The RBC Heritage is one of the easiest tournaments on the PGA Tour schedule to like.

The course has personality. The routing makes players think. The sightlines are uncomfortable in a useful way. And unlike half the modern schedule, Harbour Town does not need to be 7,700 yards long and steroidal to make elite golfers look mildly annoyed.

So naturally the Tour still insists on stapling one of its dumbest format decisions to it.

The bigger issue with Signature Events was never just who got in. It was what the Tour decided to protect once they got there. And this week is another reminder that no-cut golf still feels wrong when the whole point is supposed to be high-end competition.

This Week Is the Cleanest Example Yet

The PGA Tour’s own event coverage laid it out pretty clearly.

The 2026 RBC Heritage is operating with an expanded field of 82 qualifiers, not the original 72, because the canceled Sentry had to dump exemptions somewhere. It is also the fourth Signature Event of the season, and it begins a run of three Signature Events in four weeks, with none of them having a cut.

That is the part I can’t get past.

The Tour keeps selling these weeks as concentrated elite golf, but then removes one of the most basic tension-creating devices in tournament golf.

Nobody goes home on Friday.

That changes the feel immediately.

Harbour Town Deserves Better Than Guaranteed Weekend Safety

This is what makes the RBC Heritage such a perfect test case.

Harbour Town is not some anonymous stop where everyone is mainly waiting for Sunday TV windows. It is a course with an actual point of view. After the recent restoration work led by Davis Love III, the PGA Tour says the course still averages only about 3,700 square feet per green, remains a par 71 at 7,243 yards, and asks for even more precision with fresh contouring and new pin locations.

That is good stuff. That is real golf.

And yet the format still says a player can shoot himself directly into a Thursday ditch and keep cashing guaranteed four-round equity anyway.

That undercuts the whole atmosphere.

A course like Harbour Town should feel claustrophobic by Friday afternoon. It should feel like a place where bad driving, lazy iron play, or one too many dumb decisions gets you sent packing before the weekend.

Instead, everybody gets another round.

That is not catastrophic. It is just soft.

The Tour Wants Prestige Without Enough Consequence

This is the Signature Event problem in one sentence.

The PGA Tour wants these tournaments to feel exclusive, premium, and important, but it also wants to remove too much of the risk for the players it most wants to feature.

That is a corporate solution, not a competitive one.

Cuts are not sacred because golf people are nostalgic weirdos who hate change. Cuts matter because they sharpen everything:

  • they make Thursday and Friday more urgent
  • they punish bad form in real time
  • they create real movement around the line
  • they make weekend positioning feel earned instead of automatic

Without that, a lot of these events feel a little over-insulated, like the Tour is trying to build luxury-box competition.

And yes, I understand the argument on the other side.

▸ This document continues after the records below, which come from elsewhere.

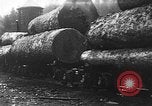 Standbild Stammholz United States USA, 1917, aus Sekunde 19 historischem Filmmaterial Videoclip 65675048520
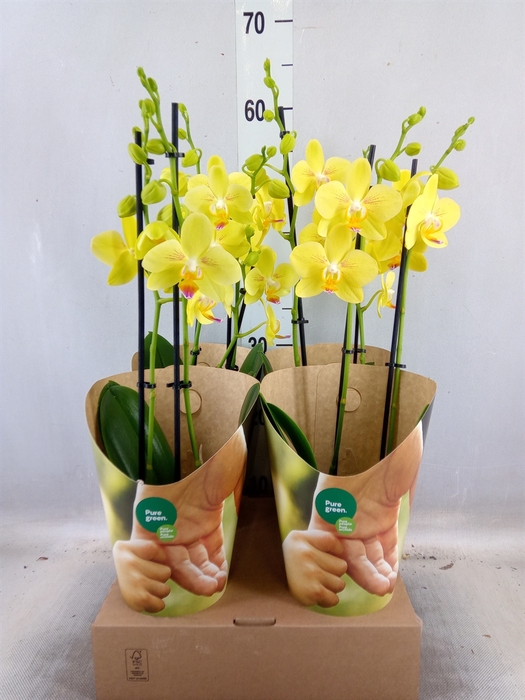 <h4>Phalaenopsis   ...yellow</h4>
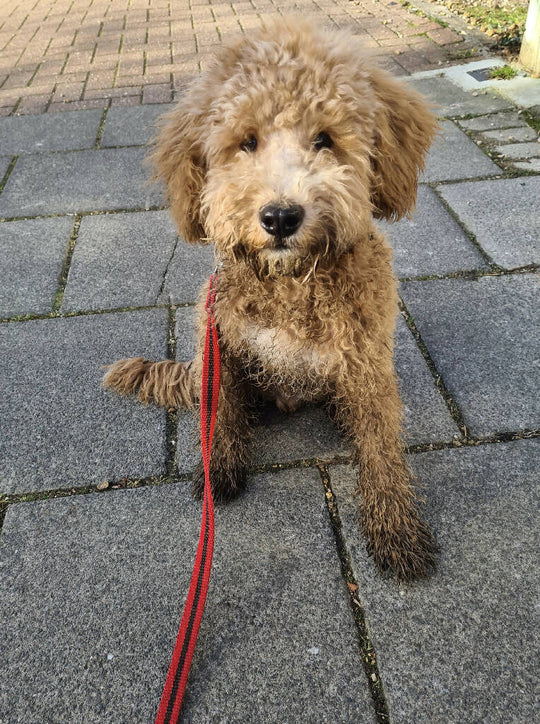 Dog Lead In Red And Brown Stripe - 2 sizes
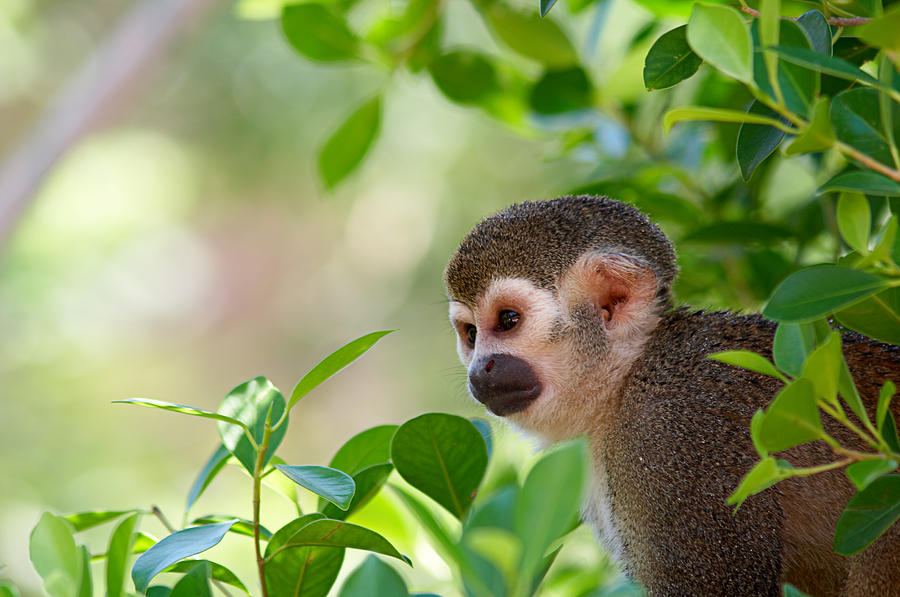 A squirrel monkey in its tree top habitat Photograph by Valmol48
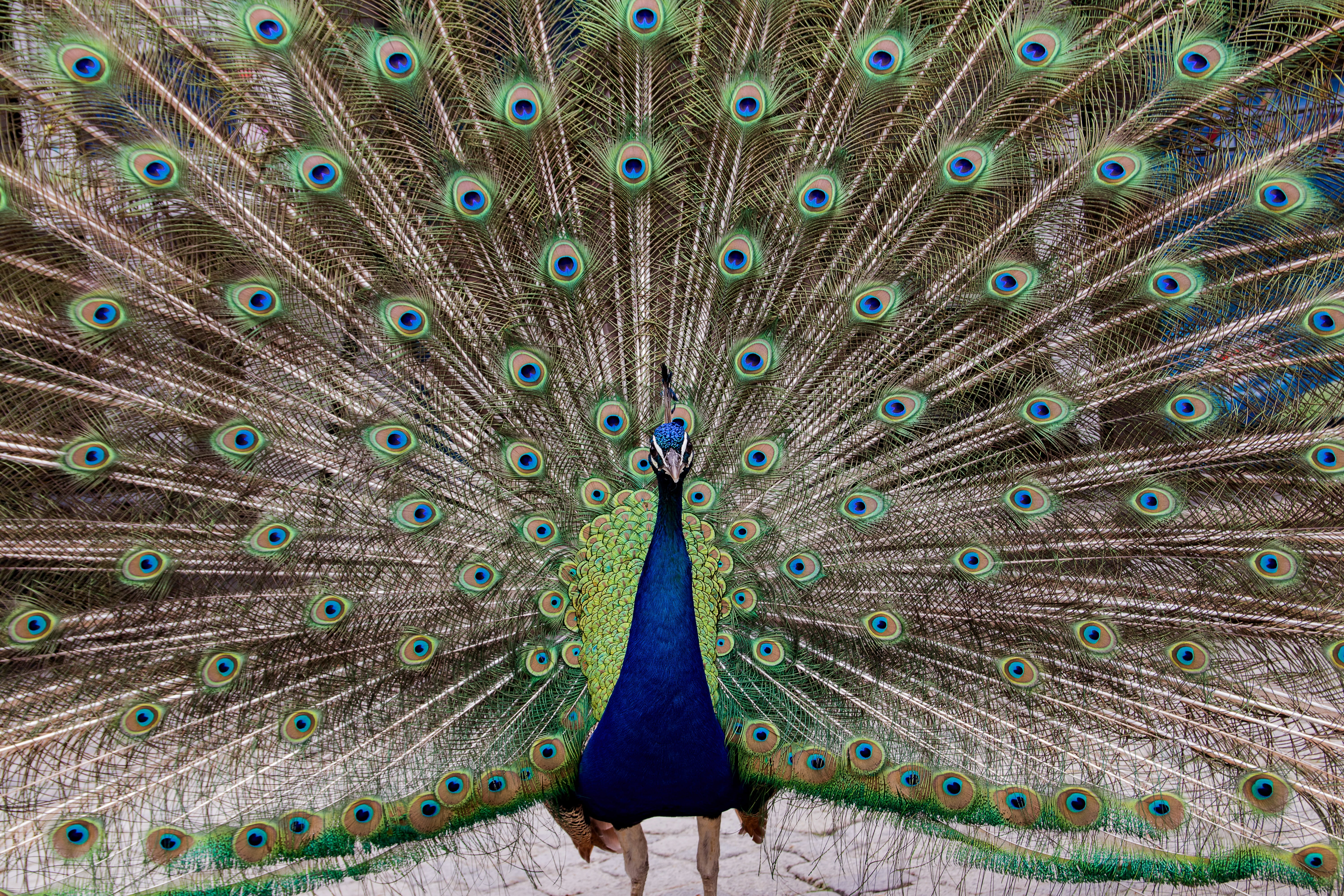 color, animal, beauty in nature, animal themes, colorful, bird, one animal, nature, poultry, blue, peacock feathers, wheel, creature, green color, front view, HD Wallpaper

Smaller fields mean more stars in view. Sponsors like guarantees. Broadcasters like guarantees. Fans buying expensive tickets like guarantees.

I get all of that.

It is still a worse sports product.

This Is Not About Wanting Fewer Great Players

The frustrating part is that the Tour was right about one thing: concentrating star power can absolutely make regular-season events stronger.

The Heritage field still looks loaded. The post-Masters setting is still interesting. The course is still excellent. All of that is true at once.

What is also true is that the Tour keeps asking fans to ignore the tradeoff sitting right in front of them.

If a Signature Event is supposed to signal the best version of weekly PGA Tour golf, why is the format built to reduce one of golf’s cleanest forms of pressure?

That question never really goes away.

My Take

Keep the stronger fields. Keep the bigger weeks. Keep the sense that certain regular-season tournaments should matter more than others.

But put the cut back in.

Not because every old thing is better. Not because golfers need more suffering for purity’s sake. Put it back in because competition gets better when early mistakes actually cost something.

Harbour Town is the kind of course that exposes weak strategy and sloppy ball striking. The format should be brave enough to do the same.

Right now, the course has more spine than the structure around it.

That is backward.

Bottom Line

The 2026 RBC Heritage still works because Harbour Town works. But the PGA Tour’s no-cut Signature Event model keeps feeling like a glossy compromise between sport and sponsor comfort.

And when even one of the best courses on the schedule cannot fully make that feel normal, maybe the format is the problem.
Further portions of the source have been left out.